Due to epistemic uncertainties, there may exist multiple source characteristics, GMPE’s and magnitude distributions for the same region. These uncertainties are accounted for by estimating hazard for each of the individual possibilities, which we then represent as individual branches in a logic tree. Each branch \(d = 1, \ldots , D\), is assigned weight \(w_d\) such that \(\sum _{d=1}^D w_d = 1\), and the hazard is computed by the weighted contribution from each branch (Petersen et al. 2014).

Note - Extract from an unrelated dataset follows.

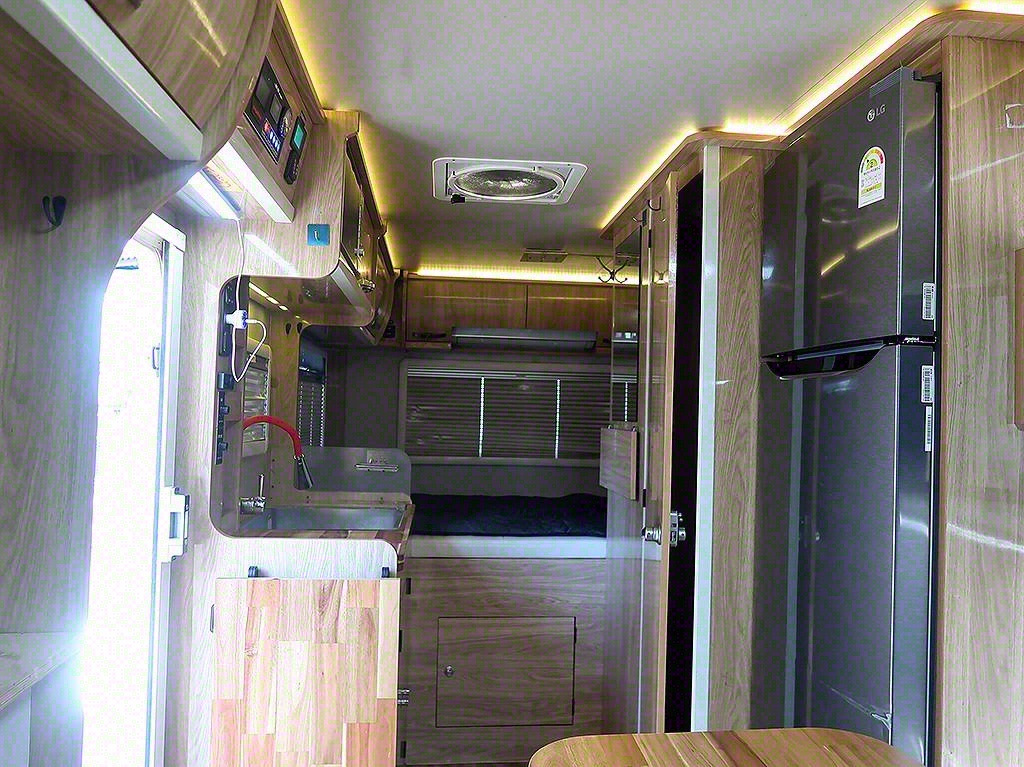 [소형화물] [캠핑]더뉴봉고3 기본형        (5인승 /1톤) - 이미지 7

$$\begin{aligned} \lambda (\mathrm {IM}\ge x)&= \sum _{d=1}^D w_d \lambda _d(\mathrm {IM}\ge x) \end{aligned}$$
(2)

where \(\lambda _d(\mathrm {IM}\ge x)\) is the hazard for branch d.

When the seismicity rates are changing over time, as for induced seismicity, then the estimated hazard is also time dependent. We represent hazard at time t as \(\lambda (\mathrm {IM}\ge x) (t)\) and calculate it by replacing the constant seismicity rate in Eq. 1 with time-dependent \(\lambda (M_n \ge m_{\min })(t)\). Then the mean hazard per unit time over a time duration \([t_1, t_2]\) is calculated by

$$\begin{aligned} \lambda (\mathrm {IM}\ge x) = \frac{1}{t_2 - t_1} \int _{t_1}^{t_2} \lambda (\mathrm {IM}\ge x) (t) \mathop {}\mathrm {d}t \end{aligned}$$
(3)

Hazard estimates are forecasts of anticipated future seismic shaking. Due to the transient nature of induced seismicity, these forecasts are meaningful for shorter duration of the next 6 months to 24 months, as compared to the National Seismic Hazard forecasts developed for next 50 years (Petersen et al. 2014).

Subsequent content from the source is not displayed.